◆ **GIVEN RECORDS**:

*** Begin section ***

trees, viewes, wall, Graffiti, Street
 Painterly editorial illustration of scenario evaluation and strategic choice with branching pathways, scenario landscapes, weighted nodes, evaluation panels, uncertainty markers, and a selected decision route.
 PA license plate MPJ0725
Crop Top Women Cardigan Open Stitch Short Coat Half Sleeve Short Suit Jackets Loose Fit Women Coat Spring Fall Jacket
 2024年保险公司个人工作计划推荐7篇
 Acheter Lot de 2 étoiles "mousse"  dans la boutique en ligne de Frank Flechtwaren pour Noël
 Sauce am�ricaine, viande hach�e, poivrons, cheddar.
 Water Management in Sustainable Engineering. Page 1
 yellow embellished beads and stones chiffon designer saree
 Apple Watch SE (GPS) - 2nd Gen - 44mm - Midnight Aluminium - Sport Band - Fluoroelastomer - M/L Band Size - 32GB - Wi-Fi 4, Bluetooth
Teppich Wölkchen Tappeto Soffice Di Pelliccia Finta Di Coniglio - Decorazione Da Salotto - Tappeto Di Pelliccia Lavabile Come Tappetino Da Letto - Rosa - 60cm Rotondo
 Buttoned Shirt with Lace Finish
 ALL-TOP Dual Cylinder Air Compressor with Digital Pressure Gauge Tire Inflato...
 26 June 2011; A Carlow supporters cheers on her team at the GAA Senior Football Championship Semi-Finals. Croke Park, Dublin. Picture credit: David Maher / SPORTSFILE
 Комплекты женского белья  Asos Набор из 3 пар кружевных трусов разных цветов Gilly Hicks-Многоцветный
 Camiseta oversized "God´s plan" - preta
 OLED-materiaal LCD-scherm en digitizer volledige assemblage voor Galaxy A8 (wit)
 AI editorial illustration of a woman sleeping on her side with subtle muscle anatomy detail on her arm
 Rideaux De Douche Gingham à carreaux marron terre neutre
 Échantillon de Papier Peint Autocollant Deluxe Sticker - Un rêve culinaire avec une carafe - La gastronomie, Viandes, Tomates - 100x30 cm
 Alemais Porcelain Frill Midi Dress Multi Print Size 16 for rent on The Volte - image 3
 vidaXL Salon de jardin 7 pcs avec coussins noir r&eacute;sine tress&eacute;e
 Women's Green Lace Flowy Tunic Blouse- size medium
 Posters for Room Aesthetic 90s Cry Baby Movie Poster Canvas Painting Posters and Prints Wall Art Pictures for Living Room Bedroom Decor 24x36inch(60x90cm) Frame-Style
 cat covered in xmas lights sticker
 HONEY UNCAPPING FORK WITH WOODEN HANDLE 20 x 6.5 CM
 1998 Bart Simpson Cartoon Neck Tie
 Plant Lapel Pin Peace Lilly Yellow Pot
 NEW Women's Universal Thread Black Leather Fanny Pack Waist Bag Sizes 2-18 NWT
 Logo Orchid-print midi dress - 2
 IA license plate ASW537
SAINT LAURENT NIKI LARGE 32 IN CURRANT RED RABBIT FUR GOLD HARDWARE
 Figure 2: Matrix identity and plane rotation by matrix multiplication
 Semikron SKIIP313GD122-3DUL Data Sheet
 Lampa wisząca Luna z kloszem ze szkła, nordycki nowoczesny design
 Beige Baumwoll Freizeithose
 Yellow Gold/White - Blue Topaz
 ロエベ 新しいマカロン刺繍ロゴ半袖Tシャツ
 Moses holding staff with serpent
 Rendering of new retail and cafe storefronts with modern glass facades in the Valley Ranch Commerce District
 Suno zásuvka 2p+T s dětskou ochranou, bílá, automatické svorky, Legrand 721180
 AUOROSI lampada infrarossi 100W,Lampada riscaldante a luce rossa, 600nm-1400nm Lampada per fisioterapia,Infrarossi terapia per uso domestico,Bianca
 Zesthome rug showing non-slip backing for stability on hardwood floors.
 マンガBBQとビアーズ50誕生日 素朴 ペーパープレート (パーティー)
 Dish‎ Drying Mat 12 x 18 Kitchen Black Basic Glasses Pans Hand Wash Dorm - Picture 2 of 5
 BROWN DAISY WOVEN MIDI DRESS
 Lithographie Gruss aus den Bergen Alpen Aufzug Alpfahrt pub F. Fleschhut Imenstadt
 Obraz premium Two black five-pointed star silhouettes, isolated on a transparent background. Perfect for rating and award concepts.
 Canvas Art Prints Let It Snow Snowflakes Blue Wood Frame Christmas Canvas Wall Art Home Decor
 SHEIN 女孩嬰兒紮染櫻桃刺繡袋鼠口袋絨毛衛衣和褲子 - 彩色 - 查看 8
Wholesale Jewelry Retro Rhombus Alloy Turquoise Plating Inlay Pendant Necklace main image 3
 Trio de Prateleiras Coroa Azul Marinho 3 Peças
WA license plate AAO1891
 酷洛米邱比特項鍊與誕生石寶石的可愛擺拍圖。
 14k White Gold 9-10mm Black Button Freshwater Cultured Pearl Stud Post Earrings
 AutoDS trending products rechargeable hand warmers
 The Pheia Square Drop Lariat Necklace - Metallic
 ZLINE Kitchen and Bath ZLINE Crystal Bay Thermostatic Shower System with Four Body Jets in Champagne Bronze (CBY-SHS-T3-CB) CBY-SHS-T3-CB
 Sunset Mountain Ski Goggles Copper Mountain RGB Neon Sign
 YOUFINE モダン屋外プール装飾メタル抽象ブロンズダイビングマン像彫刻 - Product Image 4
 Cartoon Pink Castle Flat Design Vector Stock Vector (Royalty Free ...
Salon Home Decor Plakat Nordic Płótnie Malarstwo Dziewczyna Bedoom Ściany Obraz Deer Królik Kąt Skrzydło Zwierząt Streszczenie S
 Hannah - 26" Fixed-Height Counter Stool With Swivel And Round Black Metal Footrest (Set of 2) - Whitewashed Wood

*** End section ***

◆ **TASK TO CARRY OUT**: In the entries above, how many lines hold the word "editorial"? State the number and nothing else.

◆ **ANSWER SECTION**: 2